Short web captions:
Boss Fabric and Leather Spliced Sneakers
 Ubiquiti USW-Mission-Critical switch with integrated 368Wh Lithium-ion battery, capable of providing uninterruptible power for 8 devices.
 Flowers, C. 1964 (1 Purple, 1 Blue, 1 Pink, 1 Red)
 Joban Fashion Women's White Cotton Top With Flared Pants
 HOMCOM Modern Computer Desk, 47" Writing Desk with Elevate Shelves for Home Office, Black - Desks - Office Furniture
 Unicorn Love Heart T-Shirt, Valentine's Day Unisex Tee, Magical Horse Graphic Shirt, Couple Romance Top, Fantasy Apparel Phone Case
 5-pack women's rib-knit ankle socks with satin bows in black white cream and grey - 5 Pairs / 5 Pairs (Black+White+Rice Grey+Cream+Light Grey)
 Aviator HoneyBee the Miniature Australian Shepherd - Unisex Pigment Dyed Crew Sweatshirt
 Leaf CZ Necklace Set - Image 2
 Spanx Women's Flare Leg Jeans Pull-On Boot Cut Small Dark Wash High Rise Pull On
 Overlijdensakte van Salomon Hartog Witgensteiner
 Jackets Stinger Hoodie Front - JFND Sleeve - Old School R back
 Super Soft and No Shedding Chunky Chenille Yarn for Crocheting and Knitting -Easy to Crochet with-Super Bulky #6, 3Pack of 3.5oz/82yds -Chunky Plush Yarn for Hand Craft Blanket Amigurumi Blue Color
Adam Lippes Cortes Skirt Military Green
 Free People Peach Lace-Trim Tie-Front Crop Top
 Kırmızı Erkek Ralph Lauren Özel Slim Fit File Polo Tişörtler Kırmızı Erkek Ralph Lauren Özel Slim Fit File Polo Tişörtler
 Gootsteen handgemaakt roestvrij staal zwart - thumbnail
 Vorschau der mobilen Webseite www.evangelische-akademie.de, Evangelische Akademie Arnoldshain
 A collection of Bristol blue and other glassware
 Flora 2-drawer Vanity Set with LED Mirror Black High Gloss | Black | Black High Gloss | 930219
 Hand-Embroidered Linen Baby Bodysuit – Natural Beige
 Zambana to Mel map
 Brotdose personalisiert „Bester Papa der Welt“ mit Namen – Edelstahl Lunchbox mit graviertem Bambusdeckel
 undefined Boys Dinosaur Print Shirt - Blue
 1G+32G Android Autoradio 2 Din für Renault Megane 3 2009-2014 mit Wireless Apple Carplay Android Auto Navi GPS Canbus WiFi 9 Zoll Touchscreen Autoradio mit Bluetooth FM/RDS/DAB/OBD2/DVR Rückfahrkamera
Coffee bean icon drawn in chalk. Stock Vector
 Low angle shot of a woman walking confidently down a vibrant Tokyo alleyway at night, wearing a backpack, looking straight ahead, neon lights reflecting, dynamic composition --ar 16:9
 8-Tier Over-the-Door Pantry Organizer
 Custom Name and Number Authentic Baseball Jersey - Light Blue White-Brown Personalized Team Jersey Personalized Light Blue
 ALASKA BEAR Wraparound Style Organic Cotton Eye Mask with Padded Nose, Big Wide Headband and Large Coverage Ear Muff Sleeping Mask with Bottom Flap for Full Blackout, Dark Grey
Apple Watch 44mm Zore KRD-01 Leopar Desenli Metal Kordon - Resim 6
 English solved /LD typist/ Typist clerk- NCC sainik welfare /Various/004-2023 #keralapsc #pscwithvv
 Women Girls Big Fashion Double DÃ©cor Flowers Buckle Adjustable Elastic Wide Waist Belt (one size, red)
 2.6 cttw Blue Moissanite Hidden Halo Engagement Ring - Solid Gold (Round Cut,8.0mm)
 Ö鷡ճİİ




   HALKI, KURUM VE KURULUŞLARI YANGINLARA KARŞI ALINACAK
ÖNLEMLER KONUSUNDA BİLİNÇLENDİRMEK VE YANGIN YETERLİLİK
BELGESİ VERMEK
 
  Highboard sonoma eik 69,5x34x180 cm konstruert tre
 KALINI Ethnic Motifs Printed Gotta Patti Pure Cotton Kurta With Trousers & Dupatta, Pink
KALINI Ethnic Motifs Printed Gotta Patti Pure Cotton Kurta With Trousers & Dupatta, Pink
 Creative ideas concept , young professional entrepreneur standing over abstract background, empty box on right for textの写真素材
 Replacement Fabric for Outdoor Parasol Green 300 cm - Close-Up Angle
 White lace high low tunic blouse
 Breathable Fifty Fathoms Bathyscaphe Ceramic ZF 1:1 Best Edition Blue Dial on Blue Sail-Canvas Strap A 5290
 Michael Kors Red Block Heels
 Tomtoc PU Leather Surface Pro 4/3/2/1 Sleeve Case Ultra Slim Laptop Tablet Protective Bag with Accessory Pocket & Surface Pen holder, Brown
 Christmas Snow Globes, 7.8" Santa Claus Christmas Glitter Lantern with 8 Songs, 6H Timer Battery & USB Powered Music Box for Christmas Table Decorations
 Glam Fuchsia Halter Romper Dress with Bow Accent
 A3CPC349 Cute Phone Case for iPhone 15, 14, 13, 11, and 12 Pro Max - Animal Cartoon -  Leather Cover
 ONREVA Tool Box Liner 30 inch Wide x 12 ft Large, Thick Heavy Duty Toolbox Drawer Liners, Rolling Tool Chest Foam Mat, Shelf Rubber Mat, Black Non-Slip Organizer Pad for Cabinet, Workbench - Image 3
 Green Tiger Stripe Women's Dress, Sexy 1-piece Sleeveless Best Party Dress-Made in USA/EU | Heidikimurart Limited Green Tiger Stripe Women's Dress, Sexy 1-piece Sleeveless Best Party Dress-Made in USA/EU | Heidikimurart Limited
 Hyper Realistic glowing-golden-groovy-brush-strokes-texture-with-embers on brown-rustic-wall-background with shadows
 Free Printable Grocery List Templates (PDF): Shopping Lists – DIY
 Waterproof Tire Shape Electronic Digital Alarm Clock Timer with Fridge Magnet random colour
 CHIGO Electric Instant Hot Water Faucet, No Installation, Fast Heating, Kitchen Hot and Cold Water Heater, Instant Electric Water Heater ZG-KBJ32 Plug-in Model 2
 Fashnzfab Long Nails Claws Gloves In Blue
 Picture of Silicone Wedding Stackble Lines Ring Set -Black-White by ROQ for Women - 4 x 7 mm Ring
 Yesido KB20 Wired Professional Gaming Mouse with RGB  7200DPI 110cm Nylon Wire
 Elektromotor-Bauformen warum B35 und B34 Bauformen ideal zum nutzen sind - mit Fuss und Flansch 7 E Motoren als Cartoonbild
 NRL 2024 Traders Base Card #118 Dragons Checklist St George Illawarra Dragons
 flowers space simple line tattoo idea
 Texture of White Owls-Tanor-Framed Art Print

What to work on>
Which lines of the data include the word "Ethnic"? Copy each one.

Completed exercise>
 KALINI Ethnic Motifs Printed Gotta Patti Pure Cotton Kurta With Trousers & Dupatta, Pink
KALINI Ethnic Motifs Printed Gotta Patti Pure Cotton Kurta With Trousers & Dupatta, Pink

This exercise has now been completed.